Jacob Jackson
twitter instagram

Gradients of GAN Objectives

Mar 8, 2021

This technical post will offer a new view of common training objectives for generative adversarial networks (GANs), including a justification for the widely-used non-saturating loss.

The gradient of the discriminator

First, let’s look at the original GAN loss function and show that it’s simpler than it looks. As defined in Goodfellow et al. (2014), it’s

L(G, D) = \mathbb{E}_{x \sim p_\text{data}(x)}[\log D(x)] + \mathbb{E}_{z \sim p_z(z)}[\log(1 - D(G(z)))]

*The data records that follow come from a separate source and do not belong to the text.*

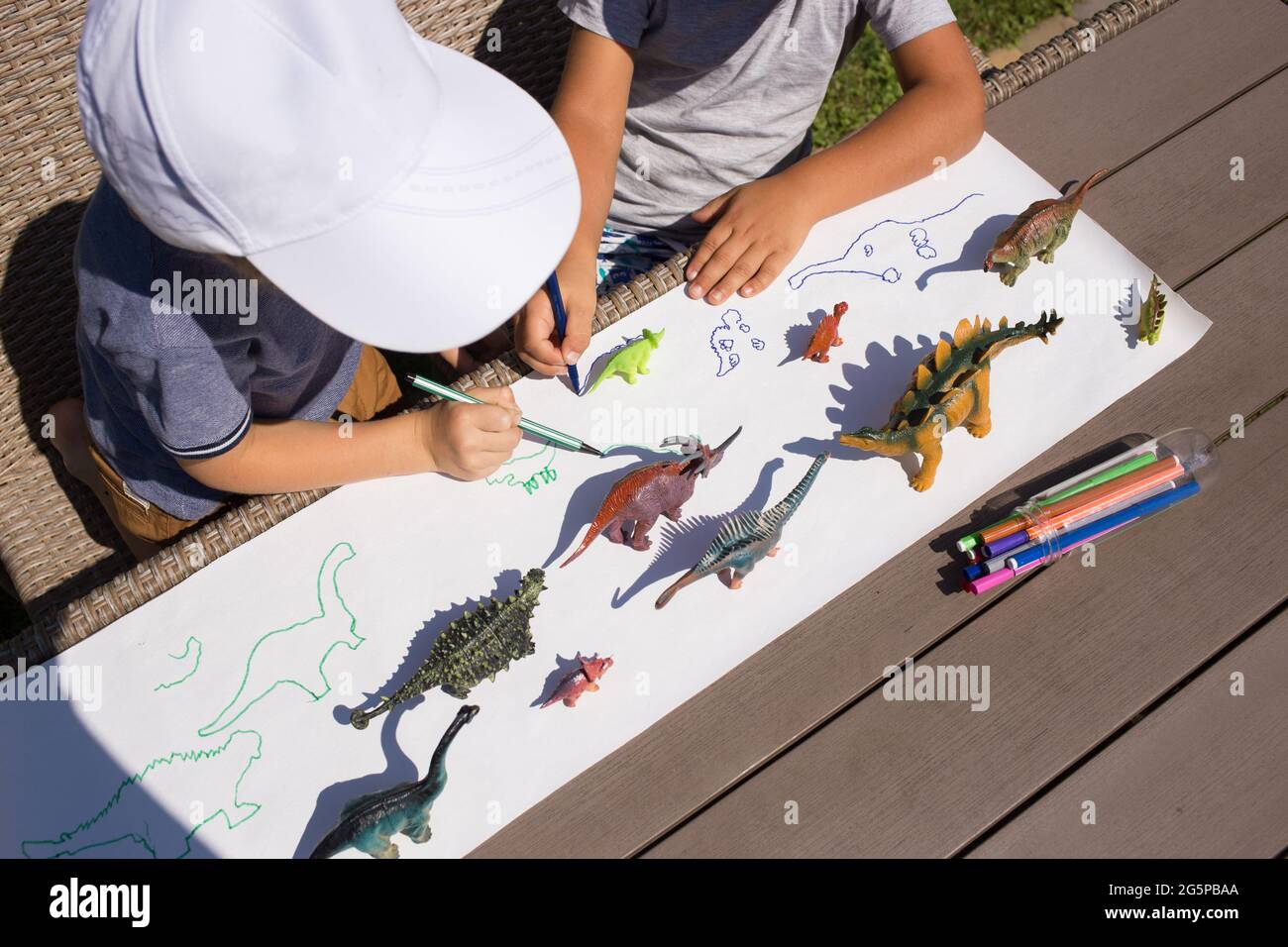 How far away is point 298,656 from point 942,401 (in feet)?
2.16

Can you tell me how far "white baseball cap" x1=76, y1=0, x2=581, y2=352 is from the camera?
24.3 inches

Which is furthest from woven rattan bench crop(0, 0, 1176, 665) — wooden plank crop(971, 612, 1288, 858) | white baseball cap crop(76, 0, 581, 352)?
wooden plank crop(971, 612, 1288, 858)

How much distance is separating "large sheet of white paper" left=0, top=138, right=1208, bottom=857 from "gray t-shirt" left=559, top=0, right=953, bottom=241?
24cm

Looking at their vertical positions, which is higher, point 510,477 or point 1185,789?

where p_\text{data}(x) is the data distribution, p_z(z) is the noise distribution, D(x) is the discriminator, and G(z) is the generator.

To analyze this loss function, we’ll use the same idea as in my post on the cross entropy loss: instead of looking at the function itself, we’ll look at its gradient.

We’ll assume the discriminator uses the standard method of obtaining the output probability D(x) by applying the logistic sigmoid function to a scalar output \ell:

D(x) = \frac{e^\ell}{1 + e^\ell}

Taking the logarithm:

\log D(x) = \ell - \log(1 + e^\ell)

And the derivative:

\begin{align*} \frac{\text{d}}{\text{d}\ell}[\log D(x)] &= \frac{\text{d}}{\text{d}\ell}[\ell - \log(1 + e^\ell)] \\ &= 1 - \frac{e^\ell}{1 + e^\ell} \\ &= 1 - D(x) \end{align*}

This is quite surprising: by taking the derivative of \log D(x) with respect to \ell, we get exactly 1 - D(x), the probability that the discriminator thinks x is fake.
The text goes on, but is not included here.